The European Court of Justice’s Advocate General has determined in a non-binding opinion today that transfer of data outside the European bloc is legal; a win for Facebook over the Irish Data Protection Commissioner (DPC).
“Standard contractual clauses (SCC’s) for the transfer of personal data to processors established in third countries is valid,” AG Henrik Saugmandsgaard Øe determined, in a decision published by the Court of Justice [pdf] early Thursday.
The Advocate General role is to propose a legal solution to court’s justices. The judges themselves are still deliberating and will rule at a later date, but the AG’s opinion represents a win for Facebook, and will come as a relief to businesses reliant on standard contractual clauses to underpin their trans-Atlantic data transfers.
The AG sums up the roots of the dispute pithily in the opinion, for those seeking a refresher: “The data of Facebook users residing in the EU… are transferred to… servers located in the United States, where they are processed.
“In 2013, Mr Schrems lodged a complaint with the Irish authority… taking the view that, in the light of the revelations made by Edward Snowden concerning the activities of the United States intelligence services (in particular the National Security Agency, the law and practices of the United States do not offer sufficient protection against surveillance, by the public authorities, of the data transferred to that country. ”
Standard Contractual Clauses Decision: “A Huge Sigh of Relief”
Law firm Linklaters said: “The Schrems II case seeks to confirm that a number of different data transfer mechanisms… cannot be used without significant due diligence by EU businesses with material risks if they get the judgements wrong.
“The AG’s opinion suggests that these are issues for the Commission and Government and not individual businesses, suggesting that standard contractual clauses remain a solid basis for transferring data outside the EU. They will therefore be an important tool for UK businesses to receive data from the EU post Brexit, and make an adequacy finding a desirable rather than critical aspect of the forthcoming trade negotiations.”
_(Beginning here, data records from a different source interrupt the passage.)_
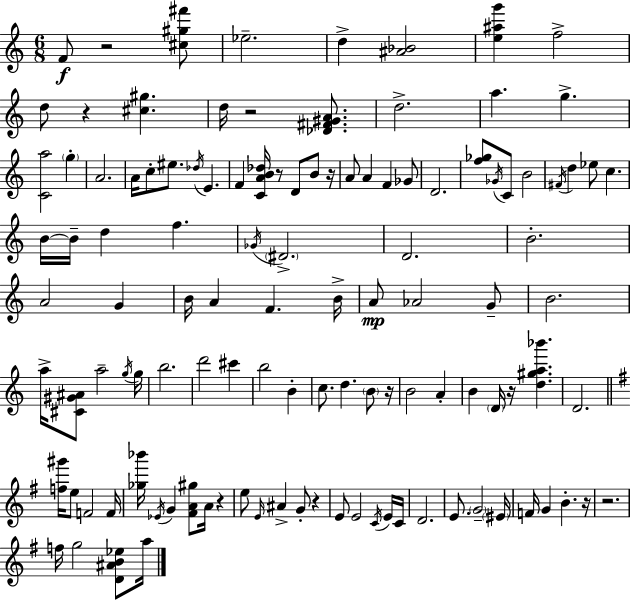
X:1
T:Untitled
M:6/8
L:1/4
K:Am
F/2 z2 [^c^g^f']/2 _e2 d [^A_B]2 [e^ag'] f2 d/2 z [^c^g] d/4 z2 [_D^F^GA]/2 d2 a g [Ca]2 g A2 A/4 c/2 ^e/2 _d/4 E F [CAB_d]/4 z/2 D/2 B/2 z/4 A/2 A F _G/2 D2 [f_g]/2 _G/4 C/2 B2 ^F/4 d _e/2 c B/4 B/4 d f _G/4 ^D2 D2 B2 A2 G B/4 A F B/4 A/2 _A2 G/2 B2 a/4 [^C^G^A]/2 a2 g/4 g/4 b2 d'2 ^c' b2 B c/2 d B/2 z/4 B2 A B D/4 z/4 [d^ga_b'] D2 [f^g']/4 e/2 F2 F/4 [_g_b']/4 _E/4 G [^FA^g]/2 A/4 z e/2 E/4 ^A G/2 z E/2 E2 C/4 E/4 C/4 D2 E/2 G2 ^E/4 F/4 G B z/4 z2 f/4 g2 [D^AB_e]/2 a/4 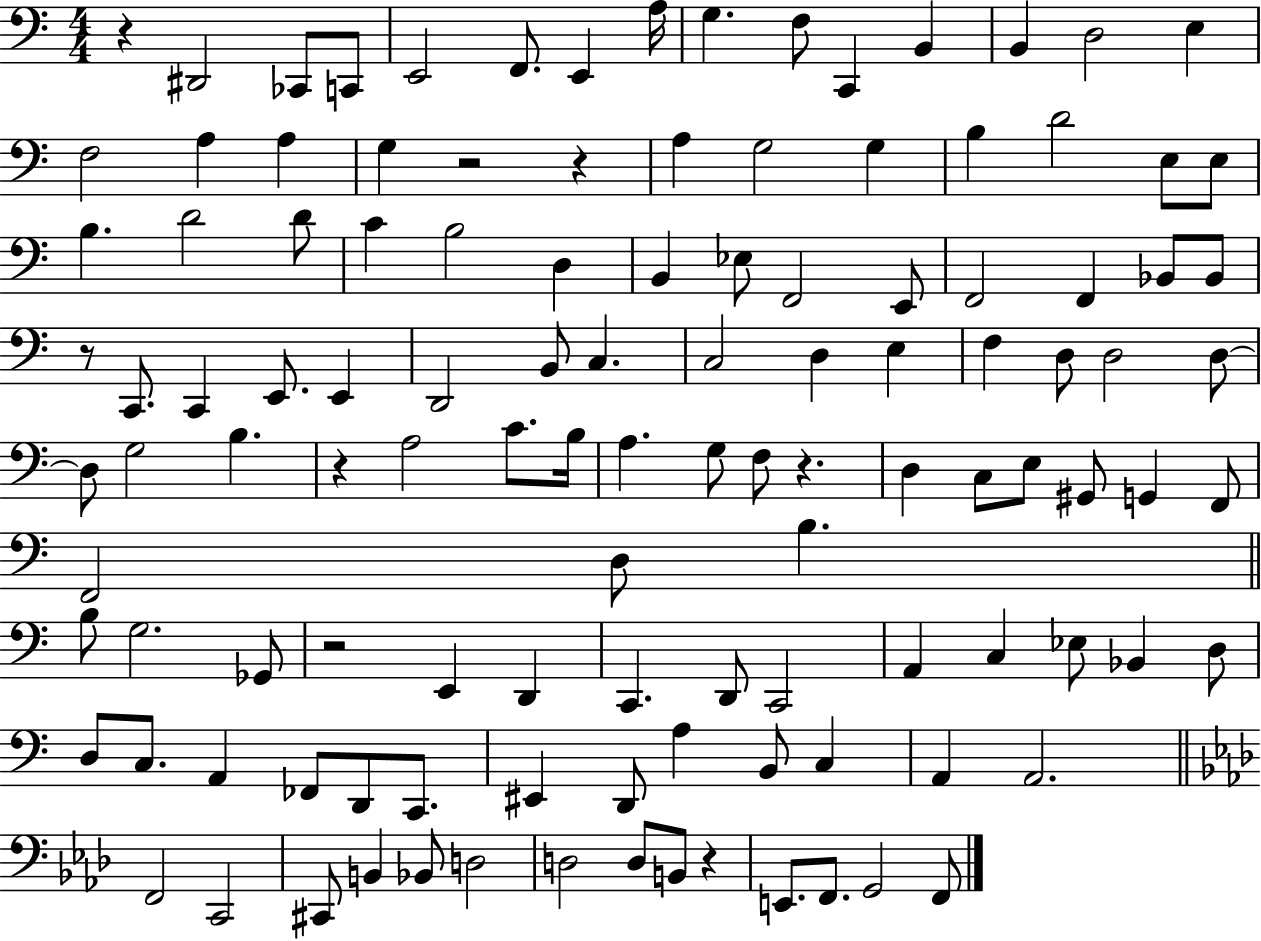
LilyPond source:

{
  \clef bass
  \numericTimeSignature
  \time 4/4
  \key c \major
  r4 dis,2 ces,8 c,8 | e,2 f,8. e,4 a16 | g4. f8 c,4 b,4 | b,4 d2 e4 | \break f2 a4 a4 | g4 r2 r4 | a4 g2 g4 | b4 d'2 e8 e8 | \break b4. d'2 d'8 | c'4 b2 d4 | b,4 ees8 f,2 e,8 | f,2 f,4 bes,8 bes,8 | \break r8 c,8. c,4 e,8. e,4 | d,2 b,8 c4. | c2 d4 e4 | f4 d8 d2 d8~~ | \break d8 g2 b4. | r4 a2 c'8. b16 | a4. g8 f8 r4. | d4 c8 e8 gis,8 g,4 f,8 | \break f,2 d8 b4. | \bar "||" \break \key a \minor b8 g2. ges,8 | r2 e,4 d,4 | c,4. d,8 c,2 | a,4 c4 ees8 bes,4 d8 | \break d8 c8. a,4 fes,8 d,8 c,8. | eis,4 d,8 a4 b,8 c4 | a,4 a,2. | \bar "||" \break \key f \minor f,2 c,2 | cis,8 b,4 bes,8 d2 | d2 d8 b,8 r4 | e,8. f,8. g,2 f,8 | \break \bar "|."
} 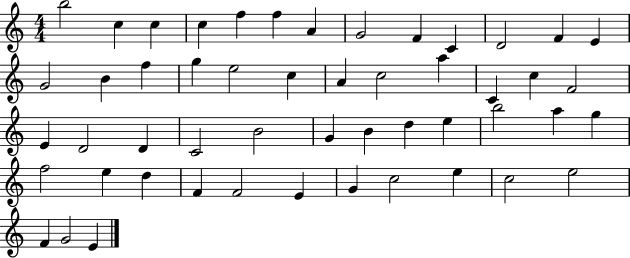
{
  \clef treble
  \numericTimeSignature
  \time 4/4
  \key c \major
  b''2 c''4 c''4 | c''4 f''4 f''4 a'4 | g'2 f'4 c'4 | d'2 f'4 e'4 | \break g'2 b'4 f''4 | g''4 e''2 c''4 | a'4 c''2 a''4 | c'4 c''4 f'2 | \break e'4 d'2 d'4 | c'2 b'2 | g'4 b'4 d''4 e''4 | b''2 a''4 g''4 | \break f''2 e''4 d''4 | f'4 f'2 e'4 | g'4 c''2 e''4 | c''2 e''2 | \break f'4 g'2 e'4 | \bar "|."
} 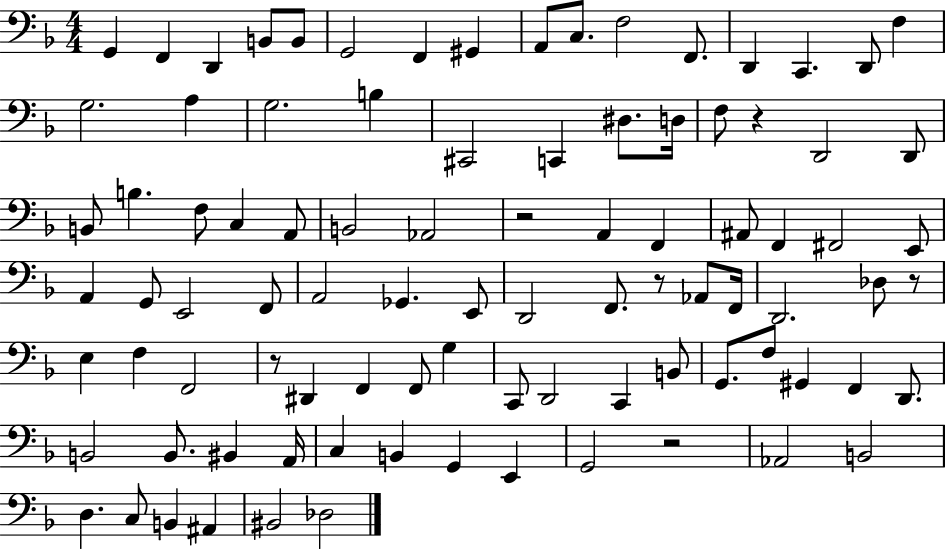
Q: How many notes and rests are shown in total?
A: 92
Richard Cumbley, TMT partner at law firm Linklaters, added in an emailed comment: “The Advocate General’s decision will prompt a huge sigh of relief amongst European businesses that deal with affiliates or suppliers in the US.
He added: “It is also good news for the new Conservative government in the UK and its ambitious timetable to achieve a trade deal by the end of 2020, as it makes the need for a so called “adequacy finding” less acute.
Privacy activist Max Schrems, who brought the case, responded [pdf]: The Advocate General explained to the DPC that the SCCs have a built-in co-called “pressure valve” (Article 4 SCCs) that allows the DPC to suspend data flows whenever there is a problem with US law. The opinion makes clear that DPC has the solution to this case in her own hands: She can order Facebook to stop transfers tomorrow.
“Instead, she turned to the CJEU to invalidate the whole system. It’s like screaming for the European fire brigade, because you don’t know how to blow out a candle yourself.”
He added: “The case itself cannot overcome the deeper clash of EU and US law. In the long term I hope that the US legislator will come to realize that no foreign customer will trust US industry, if there are no solid privacy protection in the US.
“You can’t say ‘trust us with all your data, but actually you have no rights'”.